10 steps to a sustainable integrated GRC architecture


Organizations today are facing increased risk and regulatory pressures. The risk management, compliance and governance reforms that followed the corporate failures of the past decade have dramatically changed today’s business environment. Organizations worldwide are coping with a proliferation of new regulations and standards, and are challenged to do so in a way that supports performance objectives, upholds stakeholder expectations, sustains value and protects the organization’s brand.

Recent studies indicate that Fortune 1000 corporations are subject to 35–40 different regulatory mandates and the management of regulation and compliance has become a serious risk factor. Complying with each individual regulation is always complicated, lengthy and costly. Managing the burden of complying with multiple and overlapping regulations is becoming increasingly difficult and expensive.

To address these issues, organizations have invested in multiple risk and compliance initiatives, with little co-ordination between them. Working in silos causes a substantial amount of duplicated control activities, which results in high cost and inefficiency. The lack of consistent methodology among the multiple GRC initiatives causes a limited visibility at upper management and board levels. Executive management is unable to obtain a comprehensive view of risk and compliance.

The challenge

In many cases promoting an integrated GRC initiative in organizations requires dealing with the natural skepticism of some of the staff members. Claims that integrated GRC is nice in theory but will not work in practice are common.

In fact, there are many good reasons for this skepticism. To implement an integrated GRC platform, organizations need to find a way to manage the following complexity:
  1. Multiple regulations and standards.
  2. Various regulators.
  3. The differing scope of each regulation and standard.
  4. Various concepts.
  5. Different reporting due dates.
  6. Different workflow for each project.
  7. Different data architecture requirements.
  8. Diverse participants within the organization.
The fact that in many cases several consulting firms are involved in the different projects, bringing different methodologies to the table, combined with the natural internal politics within organizations, makes the challenge of building an integrated GRC architecture even more complicated. Besides the professional challenges, there are serious cultural barriers to be considered. Building the architecture is just the first stage of working in an integrated fashion. This architecture cannot be implemented successfully without ensuring a convenient platform for co-ordination between all the participants.

Another common barrier comes from the world of IT – the existence of information existing in diverse platforms such as MS-Excel files, MS-Word documents, Access databases or other dedicated applications. Managers are afraid of losing the information and time invested in accumulating this information during the migration process to a new architecture and system. Automating the data import of legacy and existing information must be accounted for to overcome this IT barrier.

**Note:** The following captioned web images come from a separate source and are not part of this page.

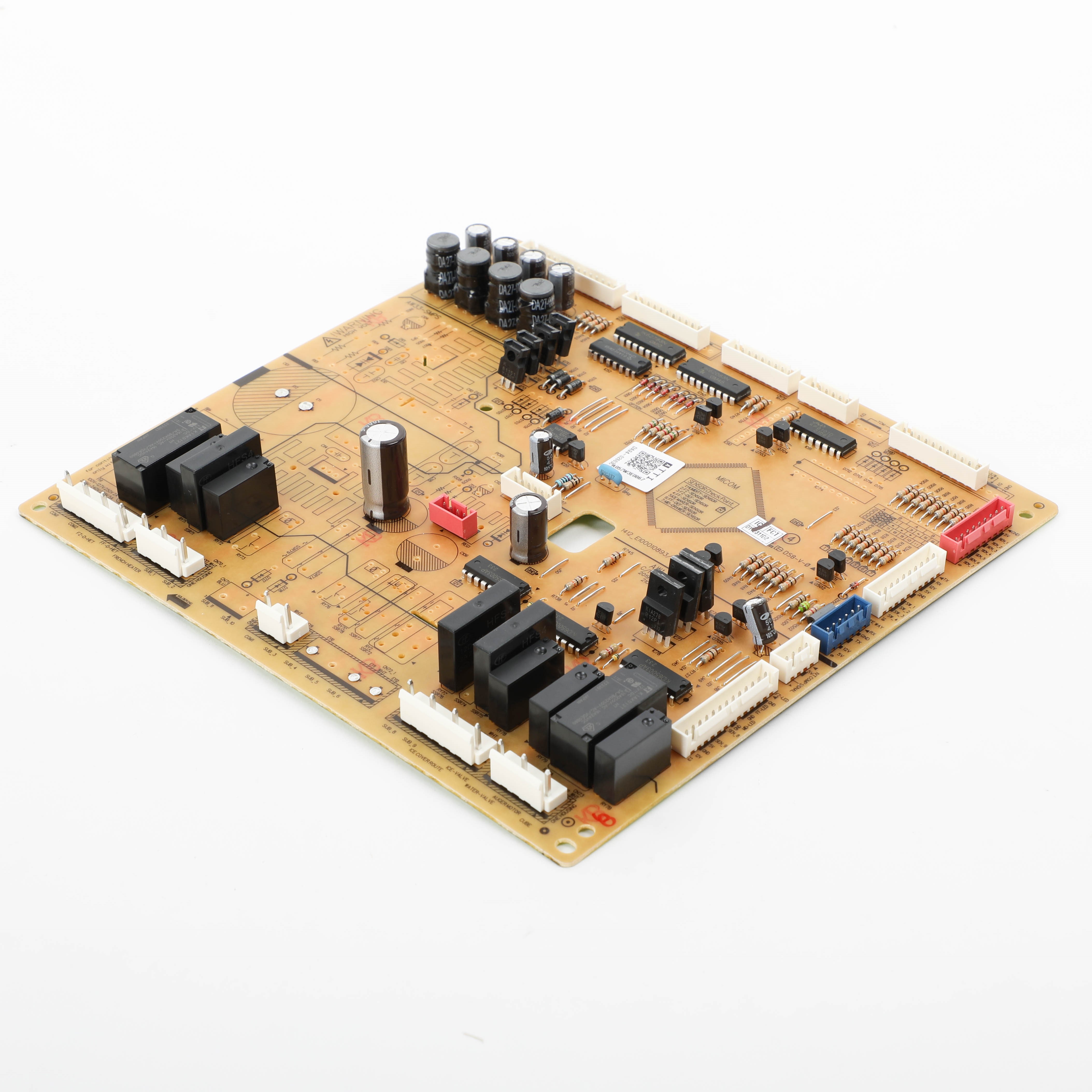 Samsung DA94-02663C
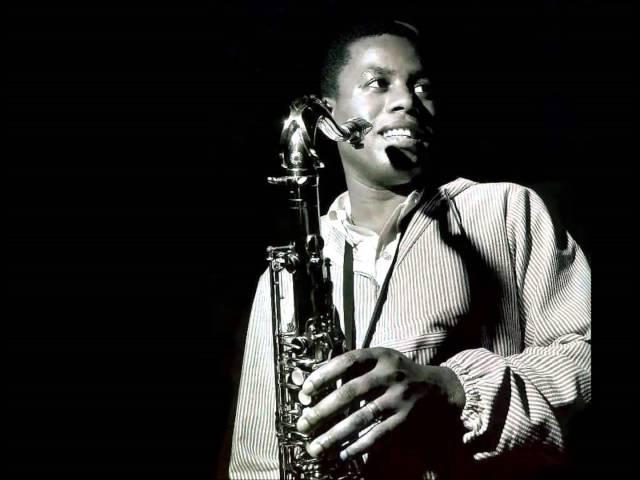 El Gaucho (Wayne Shorter)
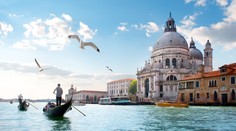 Obľúbené talianske mesto od dneška zvyšuje poplatok. Niektoré dni sa mu však dá vyhnúť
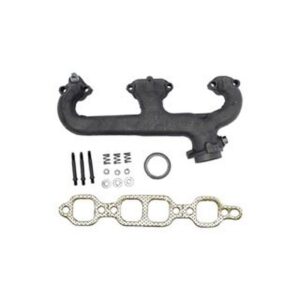 DORMAN 674-231 Exhaust Manifold Kit - Includes Required Gaskets And Hardware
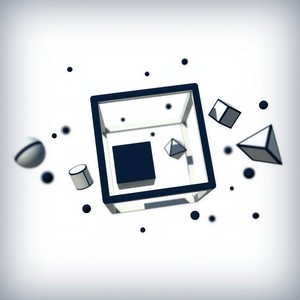 Absool (Best Of 2009|Original Mix)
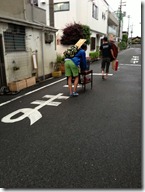IMG_1721 IMG_1721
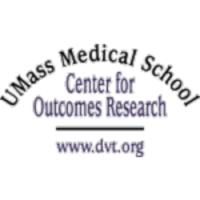 Best Practices in Preventing Deep Venous Thrombosis and Pulmonary Embolus icon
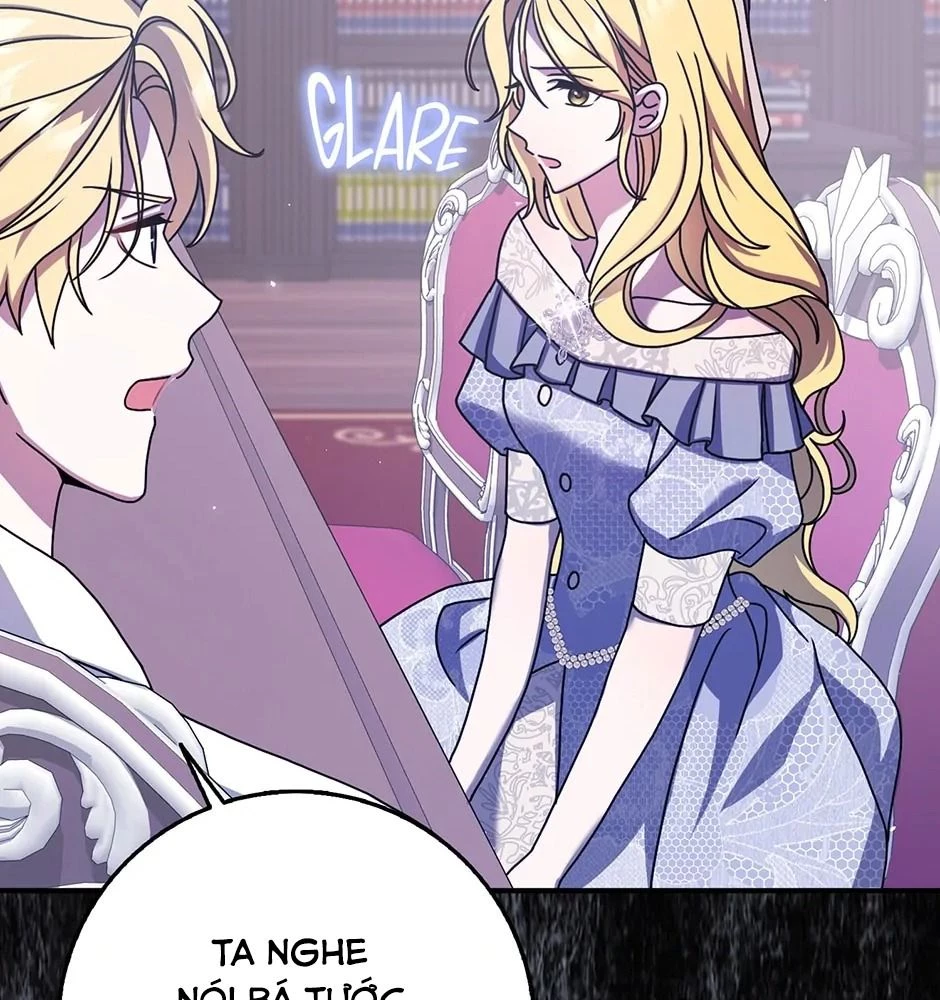 Lọ Lem Đã Mất Tích Chapter 11 - 88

Due to the complexity mentioned above, most organizations still manage GRC projects in silos, adopting different methodologies and different software point solutions for each project. As a result of this approach, organizations face the following difficulties:
  • Inconsistency among the different projects.
  • Lack of a unified view of risk and compliance that limits management’s decision-making process.
  • Lack of scalability from an enterprise-wide prospective.
  • Duplication of activities and overlapping efforts, which increases cost, internal overhead and external consulting expenses.
As Gartner, the IT research and advisory firm, said: “Companies that select individual solutions for each regulatory challenge they face will spend 10 times more on the IT portion of compliance projects than companies that take on a proactive and more integrated approach.”

Building an integrated GRC architecture

An integrated GRC strategy must provide an environment that allows each GRC process to be fully managed independently, while providing tools for defining complex relationships, and sharing and linking information between the different regulations and standards.

The goal is not only to generate a maintainable and reusable framework, but to ensure, over time, compliance with a list of changing legislative, regulatory, quality and internal control requirements.

Based on our experience in implementing dozens of risk and compliance projects in large and fragmented enterprise organizations, we have applied our accumulated know-how and expertise to design a step-by-step, practical process for building and implementing an integrated GRC architecture.

The process is suitable for any type of organization but was specifically developed for large enterprises where multiple GRC audit groups and processes were created separately over time, and where these disparate GRC functions continued to evolve in parallel, with little interaction between them.

One of the critical factors that can determine the success of incorporating a culture of GRC integration in an enterprise is having a high-level, internal sponsor. Besides the functionality and technical obstacles of GRC integration, it can be politically difficult to integrate and foster co-operation between disparate audit functions in the organization. An internal patron with enough influence can help to overcome the natural internal hardships, objections and frictions that already exist and can be magnified when trying to foster professional GRC collaboration.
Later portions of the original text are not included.